__DATASET EXTRACT__:

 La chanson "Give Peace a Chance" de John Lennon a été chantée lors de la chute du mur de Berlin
* * *
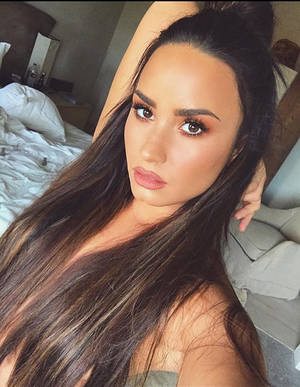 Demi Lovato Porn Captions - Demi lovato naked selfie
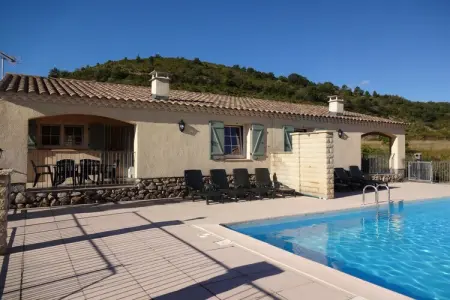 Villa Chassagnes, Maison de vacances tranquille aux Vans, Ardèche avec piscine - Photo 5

__THE PROBLEM__:
In the listing above, find the line containing "Demi Lovato Porn" and the line containing "Villa Chassagnes, Maison", then print exactly those two lines and every line between them, minus the pictures.

__RESPONSE BELOW__:
 Demi Lovato Porn Captions - Demi lovato naked selfie
 Villa Chassagnes, Maison de vacances tranquille aux Vans, Ardèche avec piscine - Photo 5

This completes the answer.